The receiver was clunked against something hard; Scott got an image of coffee-stained Formica. “It’s fer you,” he heard the woman say.
“Scott?”
“Hi, I reached Gerry—”
“Yes, I know.” Krista sounded cheerful and relieved. “They’ve gone, those mobsters. No apologies, nothing. Just, ‘Here’s your license, lady, you can go.’ Pigs. Well, we’re going, all right. Kath thinks it’s all a party. I called Caroline already. She laughed, but I know she was worried, too.”
She paused a beat, thoughtful. Then: “I’m okay now, you know. You don’t have to fly down here. I’d like it, but...”

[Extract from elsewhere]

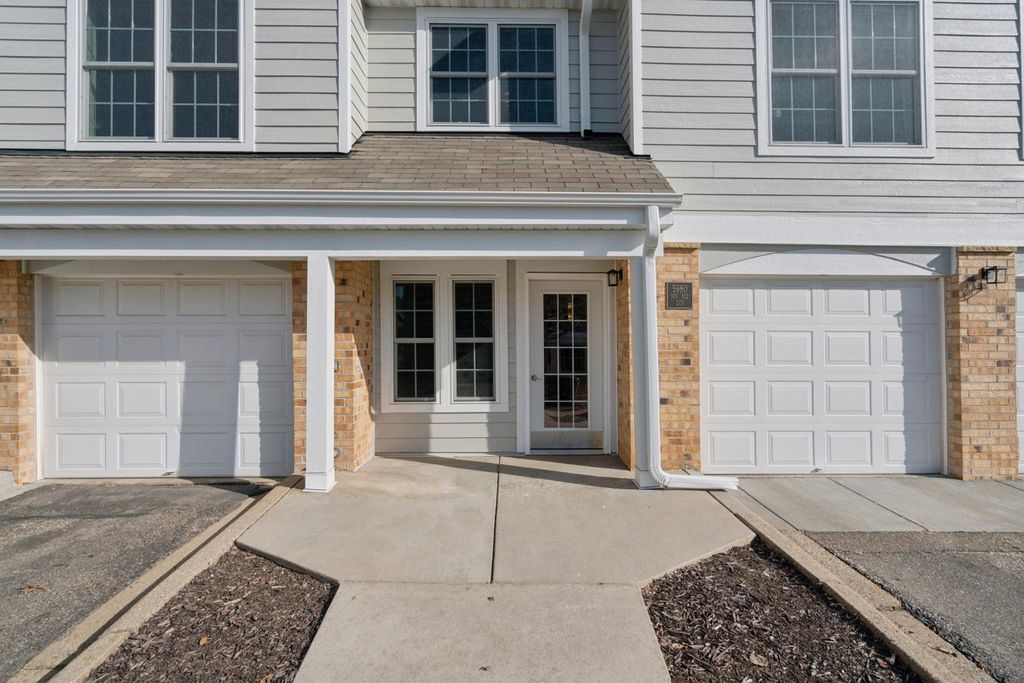 Photo of 5980 Chasewood Parkway #102, Minnetonka, MN 55343 (MLS # 7032702)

Scott glanced again at the drawings, which he’d tossed on the bed before showering. “Just have the harem assembled at the Delta off-ramp at eleven tonight.”
Krista uttered a tiny squeal reserved for situations that delighted her.
“Krista?” Scott said in a voice that was almost a whisper.
“Yes, hon?”
“Do me a favor?” He saw the terror in the cartoon-child’s face and realized that his hairline had beaded with sweat.